◆ DATASET CONTENT
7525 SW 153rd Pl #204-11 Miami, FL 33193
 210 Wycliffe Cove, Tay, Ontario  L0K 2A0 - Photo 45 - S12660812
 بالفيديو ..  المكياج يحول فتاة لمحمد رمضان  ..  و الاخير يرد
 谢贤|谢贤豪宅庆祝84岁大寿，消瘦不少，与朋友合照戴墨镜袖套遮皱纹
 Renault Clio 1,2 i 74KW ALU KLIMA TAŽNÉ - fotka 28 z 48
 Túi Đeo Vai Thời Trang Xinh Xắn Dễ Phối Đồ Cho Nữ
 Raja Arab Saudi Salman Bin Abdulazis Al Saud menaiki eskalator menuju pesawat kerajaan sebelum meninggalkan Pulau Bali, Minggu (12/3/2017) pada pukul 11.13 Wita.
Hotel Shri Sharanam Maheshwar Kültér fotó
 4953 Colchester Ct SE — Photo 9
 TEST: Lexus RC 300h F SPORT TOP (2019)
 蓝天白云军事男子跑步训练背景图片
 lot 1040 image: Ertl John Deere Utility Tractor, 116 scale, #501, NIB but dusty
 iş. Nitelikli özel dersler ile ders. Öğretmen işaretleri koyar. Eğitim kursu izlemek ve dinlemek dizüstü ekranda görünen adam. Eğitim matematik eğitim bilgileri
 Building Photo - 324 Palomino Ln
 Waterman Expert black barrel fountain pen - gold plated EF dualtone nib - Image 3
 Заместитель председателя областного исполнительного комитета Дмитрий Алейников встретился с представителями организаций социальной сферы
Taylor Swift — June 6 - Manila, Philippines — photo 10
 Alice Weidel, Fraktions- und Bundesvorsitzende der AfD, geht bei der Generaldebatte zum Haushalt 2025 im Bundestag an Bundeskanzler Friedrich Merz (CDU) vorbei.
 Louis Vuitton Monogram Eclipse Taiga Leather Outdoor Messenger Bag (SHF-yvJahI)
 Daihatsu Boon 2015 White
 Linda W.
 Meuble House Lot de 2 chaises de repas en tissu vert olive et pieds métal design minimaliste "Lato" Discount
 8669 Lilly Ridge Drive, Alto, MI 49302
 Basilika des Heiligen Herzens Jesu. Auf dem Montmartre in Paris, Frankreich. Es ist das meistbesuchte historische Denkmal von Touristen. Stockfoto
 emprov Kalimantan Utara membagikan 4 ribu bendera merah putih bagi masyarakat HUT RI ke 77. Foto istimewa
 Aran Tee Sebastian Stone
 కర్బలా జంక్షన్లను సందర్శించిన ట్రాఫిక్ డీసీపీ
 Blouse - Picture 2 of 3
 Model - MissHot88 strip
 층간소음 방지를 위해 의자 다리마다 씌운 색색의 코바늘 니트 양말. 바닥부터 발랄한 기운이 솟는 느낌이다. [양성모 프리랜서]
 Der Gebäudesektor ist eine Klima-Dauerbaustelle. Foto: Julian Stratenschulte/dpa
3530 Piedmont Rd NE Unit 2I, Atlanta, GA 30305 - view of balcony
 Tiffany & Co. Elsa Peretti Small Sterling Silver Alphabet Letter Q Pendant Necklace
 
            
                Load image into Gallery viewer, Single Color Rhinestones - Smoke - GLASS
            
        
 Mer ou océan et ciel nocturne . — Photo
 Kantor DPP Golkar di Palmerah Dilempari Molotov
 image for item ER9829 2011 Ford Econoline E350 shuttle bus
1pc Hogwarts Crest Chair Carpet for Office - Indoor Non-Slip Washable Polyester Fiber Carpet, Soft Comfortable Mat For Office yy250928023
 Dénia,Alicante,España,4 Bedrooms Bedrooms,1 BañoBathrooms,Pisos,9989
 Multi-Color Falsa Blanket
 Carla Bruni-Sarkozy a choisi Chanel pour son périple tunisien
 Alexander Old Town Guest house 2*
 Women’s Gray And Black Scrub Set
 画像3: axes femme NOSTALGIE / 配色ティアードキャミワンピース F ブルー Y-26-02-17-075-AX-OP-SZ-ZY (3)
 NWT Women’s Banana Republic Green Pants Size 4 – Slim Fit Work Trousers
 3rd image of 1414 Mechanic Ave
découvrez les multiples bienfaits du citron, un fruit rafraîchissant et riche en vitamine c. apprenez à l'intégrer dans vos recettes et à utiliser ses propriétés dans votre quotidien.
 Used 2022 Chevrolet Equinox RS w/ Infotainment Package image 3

◆ WORK TO BE COMPLETED
Reproduce the records above in their entirety, unchanged.

◆ EXERCISE RESPONSE
7525 SW 153rd Pl #204-11 Miami, FL 33193
 210 Wycliffe Cove, Tay, Ontario  L0K 2A0 - Photo 45 - S12660812
 بالفيديو ..  المكياج يحول فتاة لمحمد رمضان  ..  و الاخير يرد
 谢贤|谢贤豪宅庆祝84岁大寿，消瘦不少，与朋友合照戴墨镜袖套遮皱纹
 Renault Clio 1,2 i 74KW ALU KLIMA TAŽNÉ - fotka 28 z 48
 Túi Đeo Vai Thời Trang Xinh Xắn Dễ Phối Đồ Cho Nữ
 Raja Arab Saudi Salman Bin Abdulazis Al Saud menaiki eskalator menuju pesawat kerajaan sebelum meninggalkan Pulau Bali, Minggu (12/3/2017) pada pukul 11.13 Wita.
Hotel Shri Sharanam Maheshwar Kültér fotó
 4953 Colchester Ct SE — Photo 9
 TEST: Lexus RC 300h F SPORT TOP (2019)
 蓝天白云军事男子跑步训练背景图片
 lot 1040 image: Ertl John Deere Utility Tractor, 116 scale, #501, NIB but dusty
 iş. Nitelikli özel dersler ile ders. Öğretmen işaretleri koyar. Eğitim kursu izlemek ve dinlemek dizüstü ekranda görünen adam. Eğitim matematik eğitim bilgileri
 Building Photo - 324 Palomino Ln
 Waterman Expert black barrel fountain pen - gold plated EF dualtone nib - Image 3
 Заместитель председателя областного исполнительного комитета Дмитрий Алейников встретился с представителями организаций социальной сферы
Taylor Swift — June 6 - Manila, Philippines — photo 10
 Alice Weidel, Fraktions- und Bundesvorsitzende der AfD, geht bei der Generaldebatte zum Haushalt 2025 im Bundestag an Bundeskanzler Friedrich Merz (CDU) vorbei.
 Louis Vuitton Monogram Eclipse Taiga Leather Outdoor Messenger Bag (SHF-yvJahI)
 Daihatsu Boon 2015 White
 Linda W.
 Meuble House Lot de 2 chaises de repas en tissu vert olive et pieds métal design minimaliste "Lato" Discount
 8669 Lilly Ridge Drive, Alto, MI 49302
 Basilika des Heiligen Herzens Jesu. Auf dem Montmartre in Paris, Frankreich. Es ist das meistbesuchte historische Denkmal von Touristen. Stockfoto
 emprov Kalimantan Utara membagikan 4 ribu bendera merah putih bagi masyarakat HUT RI ke 77. Foto istimewa
 Aran Tee Sebastian Stone
 కర్బలా జంక్షన్లను సందర్శించిన ట్రాఫిక్ డీసీపీ
 Blouse - Picture 2 of 3
 Model - MissHot88 strip
 층간소음 방지를 위해 의자 다리마다 씌운 색색의 코바늘 니트 양말. 바닥부터 발랄한 기운이 솟는 느낌이다. [양성모 프리랜서]
 Der Gebäudesektor ist eine Klima-Dauerbaustelle. Foto: Julian Stratenschulte/dpa
3530 Piedmont Rd NE Unit 2I, Atlanta, GA 30305 - view of balcony
 Tiffany & Co. Elsa Peretti Small Sterling Silver Alphabet Letter Q Pendant Necklace
 
            
                Load image into Gallery viewer, Single Color Rhinestones - Smoke - GLASS
            
        
 Mer ou océan et ciel nocturne . — Photo
 Kantor DPP Golkar di Palmerah Dilempari Molotov
 image for item ER9829 2011 Ford Econoline E350 shuttle bus
1pc Hogwarts Crest Chair Carpet for Office - Indoor Non-Slip Washable Polyester Fiber Carpet, Soft Comfortable Mat For Office yy250928023
 Dénia,Alicante,España,4 Bedrooms Bedrooms,1 BañoBathrooms,Pisos,9989
 Multi-Color Falsa Blanket
 Carla Bruni-Sarkozy a choisi Chanel pour son périple tunisien
 Alexander Old Town Guest house 2*
 Women’s Gray And Black Scrub Set
 画像3: axes femme NOSTALGIE / 配色ティアードキャミワンピース F ブルー Y-26-02-17-075-AX-OP-SZ-ZY (3)
 NWT Women’s Banana Republic Green Pants Size 4 – Slim Fit Work Trousers
 3rd image of 1414 Mechanic Ave
découvrez les multiples bienfaits du citron, un fruit rafraîchissant et riche en vitamine c. apprenez à l'intégrer dans vos recettes et à utiliser ses propriétés dans votre quotidien.
 Used 2022 Chevrolet Equinox RS w/ Infotainment Package image 3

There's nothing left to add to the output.